What is expected: After locating the line with "Puzzle Tigre mécanique" below, output it and each following line exactly, stopping after the line with "UNITED ARROWS（ユナイテッドアローズ）の「ポインテッドトゥ ソフト". No pictures.

Extracted entries:
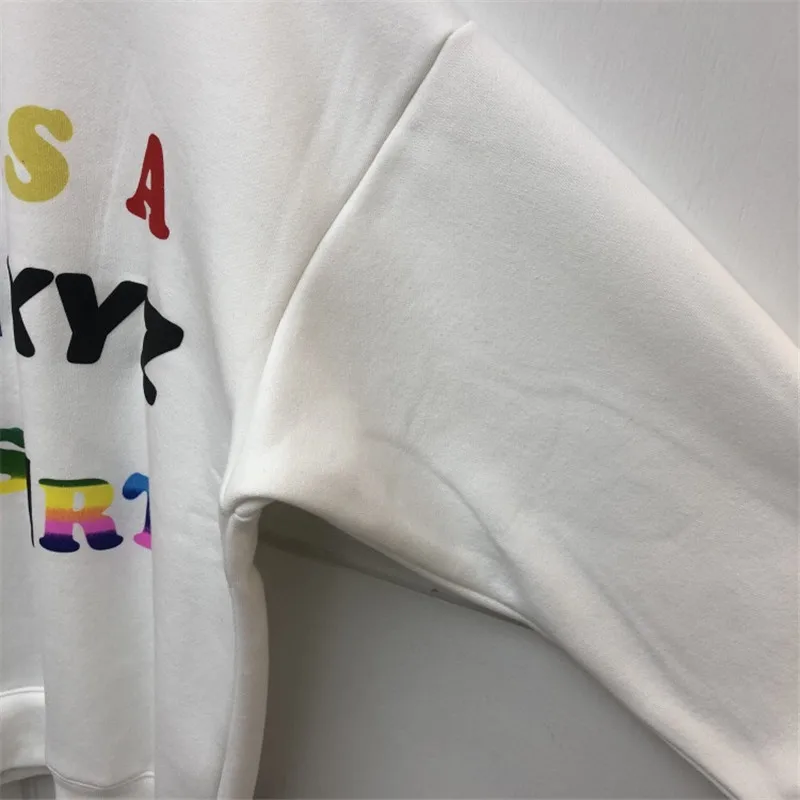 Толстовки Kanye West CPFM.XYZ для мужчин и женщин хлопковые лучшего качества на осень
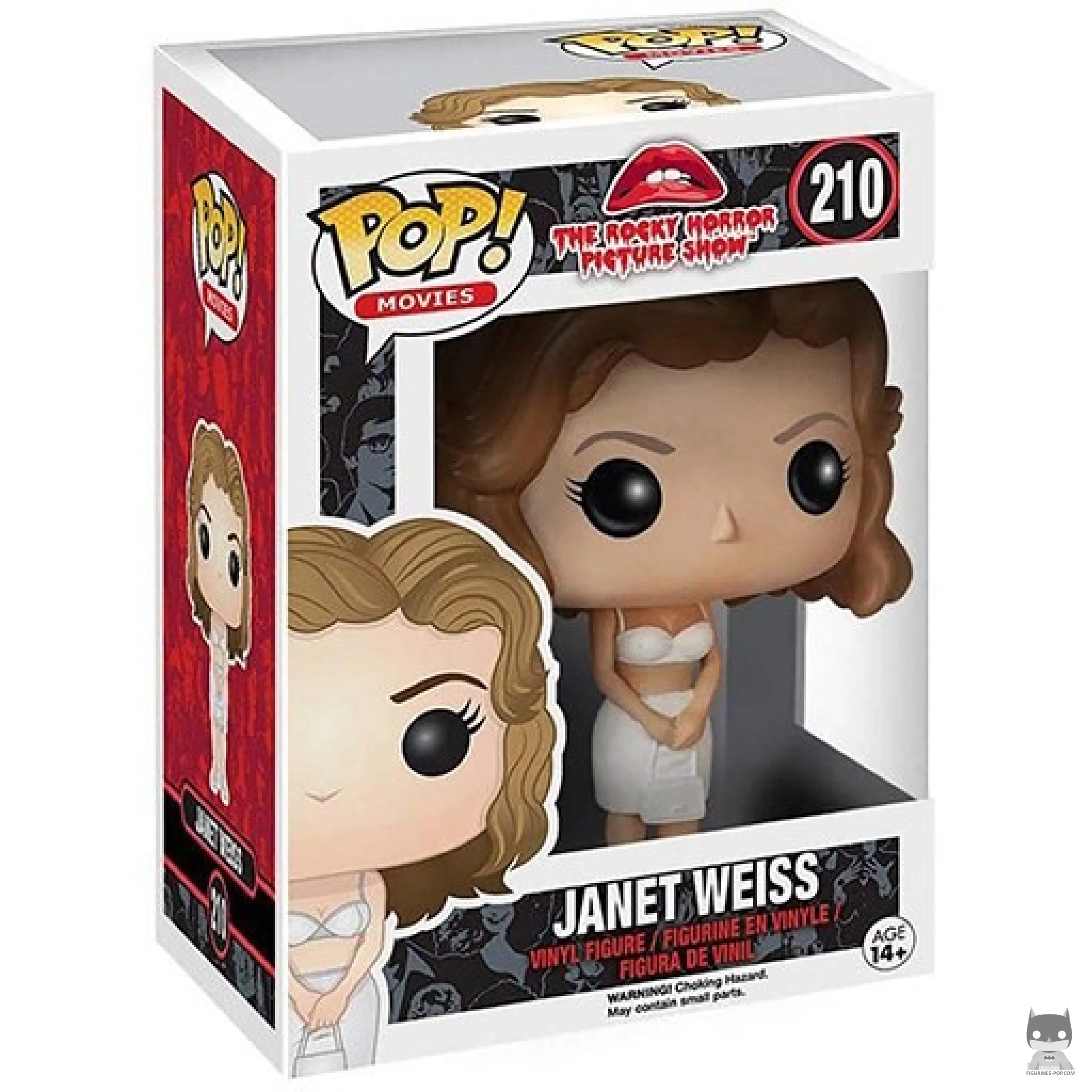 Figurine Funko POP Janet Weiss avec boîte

...

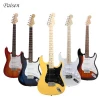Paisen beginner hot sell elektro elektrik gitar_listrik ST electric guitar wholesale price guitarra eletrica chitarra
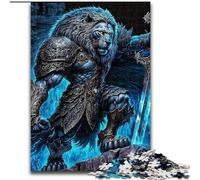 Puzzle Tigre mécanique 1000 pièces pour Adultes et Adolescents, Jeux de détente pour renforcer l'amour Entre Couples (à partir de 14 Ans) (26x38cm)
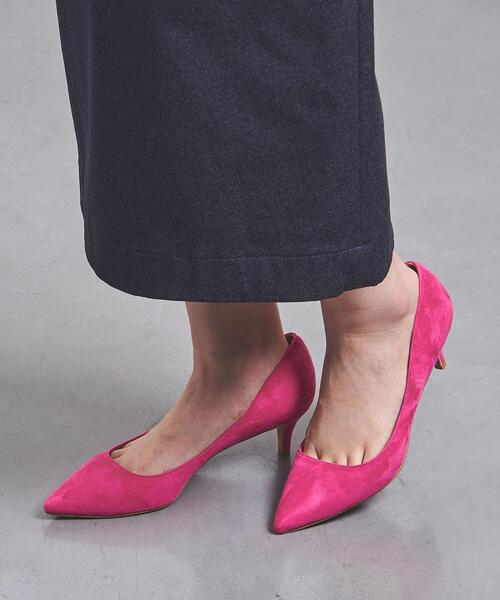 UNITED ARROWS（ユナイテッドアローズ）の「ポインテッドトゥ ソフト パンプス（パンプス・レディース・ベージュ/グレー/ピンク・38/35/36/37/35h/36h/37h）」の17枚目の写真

Reply to the exercise:
 Puzzle Tigre mécanique 1000 pièces pour Adultes et Adolescents, Jeux de détente pour renforcer l'amour Entre Couples (à partir de 14 Ans) (26x38cm)
 UNITED ARROWS（ユナイテッドアローズ）の「ポインテッドトゥ ソフト パンプス（パンプス・レディース・ベージュ/グレー/ピンク・38/35/36/37/35h/36h/37h）」の17枚目の写真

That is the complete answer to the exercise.